Yesterday, I received a parcel containing 10 micro:bit cards I ordered online. Micro:bit is a non-profit organization based in the UK, with the objective of making computer science education affordable and approachable to kids. I invite my readers to go and check their website to learn more about their project (microbit.org). In a nutshell, the idea is to allow kids to program the micro:bit cards themselves using a visual programming language (VPL) based on Blockly. Using Blockly, a developer create small programs by assembling blocks of instructions. The rationale for such a user interface is simple: it is more important to learn about concepts than it is to learn a specific programming language.

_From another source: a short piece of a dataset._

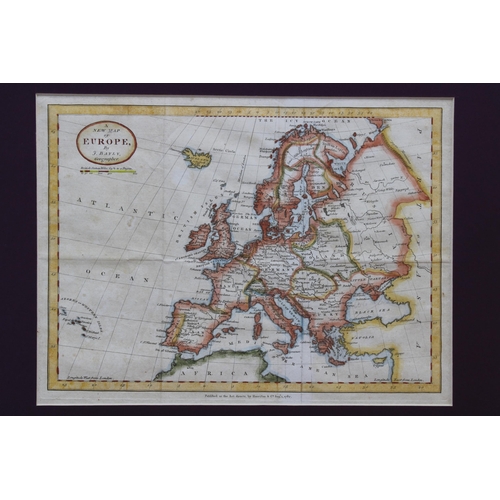 123 - A New & Correct Chart of Europe - Jeffreys 1770, together with six other Europe coloured maps, in ca...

Micro:bit has known a wide success since its release, and there are several reasons for that. First, it is really cheap. It cost me only 20€ a piece, while some other similar products cost almost tenfold. Then, teachers do not really need any training thanks to the visual programming language. This factor has been long known as a key point in teachers adopting technology in classrooms. And finally, the variety of components implemented on the card allows for plenty of applications.
What’s my interest in these cards?
My interest in these micro:bit cards comes from a research project I work on at ISEP. The idea is to enhance these cards with additional components and to turn them into moving robots. This should allow the robots to interact more easily with their surroundings, and I think this also gives us more opportunities to design interesting learning scenarios. In particular, I am thinking about scenarios in Physics. I want to have children program their robots, and challenge their understandings of some concepts with the behavior of the robot. By working on their algorithms or tweaking some variables, children should also learn basic notions of Computer Science.
Now, I am supervising four ISEP students whom are working on developing a similar web interface implementing a VPL. On my own, I am also looking into Blockly and the process of generating the binary files from blocks. You can check my GitHub repository to know more about the progress of the project. After this bit, I will have to find a way to create custom blocks to program the additional components. Two colleagues of mine are supervising some more students whom are working on the hardware. At the end of the semester, we hope to have a prototypical version of the robot. With these, I want to conduct experiments with children to evaluate the effects of using this system on the learning of CS and Physics knowledge.
I will give some updates as they arrive in future posts.